Unfortunately, not everyone fights fair. Lots of couples will start arguments with each other when it’s not even necessary and while the occasional fight is normal and healthy, fighting all the time can take a toll on your relationship.
How can you avoid a fight when you’re really just trying to have a discussion?
Dear Dan and Jennifer,
My partner and I fight a lot. Sometimes it gets really out of hand and we both end up feeling really bad afterwards, especially if the fight was over something stupid. How can I learn to fight fair?
Both men and women in a relationship will often go on the attack when they’re upset about something. It’s common for someone to place blame on their partner when they’re upset, especially if their partner did something that really bothered them. Unfortunately, going on the attack like this and placing blame on your partner is usually what starts a fight.

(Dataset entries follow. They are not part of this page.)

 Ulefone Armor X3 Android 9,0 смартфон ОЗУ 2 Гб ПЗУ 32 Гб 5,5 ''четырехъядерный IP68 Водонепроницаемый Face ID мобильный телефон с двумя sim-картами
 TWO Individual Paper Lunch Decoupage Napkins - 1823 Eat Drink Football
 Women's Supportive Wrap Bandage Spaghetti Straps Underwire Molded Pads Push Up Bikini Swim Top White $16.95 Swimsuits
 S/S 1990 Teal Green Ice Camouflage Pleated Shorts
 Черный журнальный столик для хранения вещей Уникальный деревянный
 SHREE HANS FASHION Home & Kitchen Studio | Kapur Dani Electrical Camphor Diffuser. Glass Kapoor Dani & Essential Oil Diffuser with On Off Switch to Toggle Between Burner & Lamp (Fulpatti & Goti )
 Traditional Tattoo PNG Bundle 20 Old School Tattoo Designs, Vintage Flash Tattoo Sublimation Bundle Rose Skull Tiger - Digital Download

Even if you’re trying to discuss something with your partner, if you place blame at all, your partner is automatically going to go on the defensive. They will counter by placing blame on you, escalating to the argument until it is beyond the point of return.
You can avoid this if you approach your partner about the situation without blame and simply tell them how you feel or how something that happened made you feel.
Instead of saying something like, “I can’t believe you did this,” you can say, “When you did this, it made me feel . . . . ” Instead of placing blame and fault on your partner for doing something, giving them a chance to really understand how you feel.
This keeps a discussion a discussion instead of an argument or fight.